And from a framework of complexity that makes just a lot of sense. So a gifted person looking at themselves from that perspective sort of feels, potentially feels legitimized that it's okay to experience these conflicts. And if you think about Dąbrowski's theory, positive disintegration, then the conflicts that you might experience when you both differentiate and integrate, or you have the need to differentiate and integrate, also makes sense and are also backed up, so to speak, by your development, by your emotional development. So, for example, somebody exercising autopsychotherapy is capable of dealing with more complexity in their life, in the form of intense emotions that you feel when you go for a new challenge and you want to explore something and you know it's scary and you feel these emotions and you have learned how to cope with these emotions. 

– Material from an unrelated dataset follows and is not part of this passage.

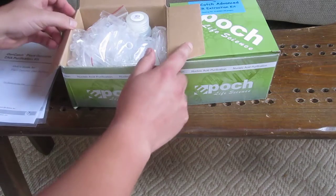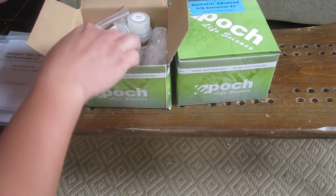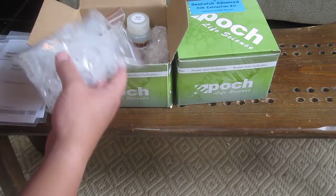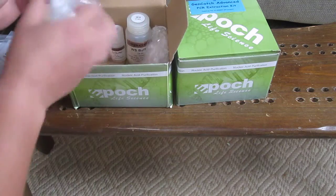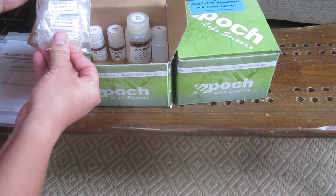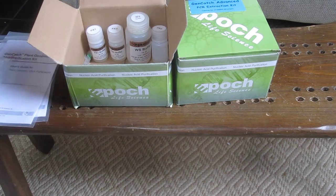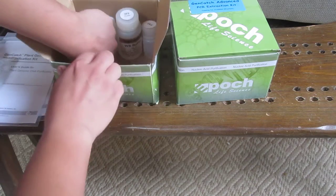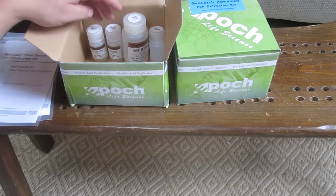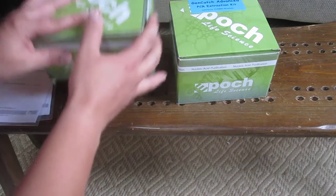So the plant genomic DNA kit from Epoch, which we're going to use to barcode fungal samples for endophyte research — you have some collection tubes, some more collection tubes, a shearing tube with a silica column, and some more plant genomic DNA mini columns with the silica bottoms. You also have some RNAse here in the corner, which you'll add to one of the buffers, some lysis buffers, elution buffers — all can be stored at room temperature. So that's a nice kit.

Very important if you're a gifted person and you feel generally attracted to complexity, because you will probably feel also some developmental instability and some intense emotions that come along with doing something that's new for you, then the autopsychotherapy is very important to be able to, to recognize what kind of emotions you experience and what need is expressed by these emotions, and also what you can do for yourself to regulate them in a self-compassionate and also empathetic manner towards other people. So then that makes a lot of sense. Like, okay, I'm a gifted person. I naturally feel attracted to increasing complexity in my life. If I want to do that, I naturally also will feel the challenge to be a good auto therapist for myself, because otherwise, I will suffer the giftedness more than I will enjoy it, and I won't be able. Maybe even more important, I won't be able to both be authentic and be of true value for other people.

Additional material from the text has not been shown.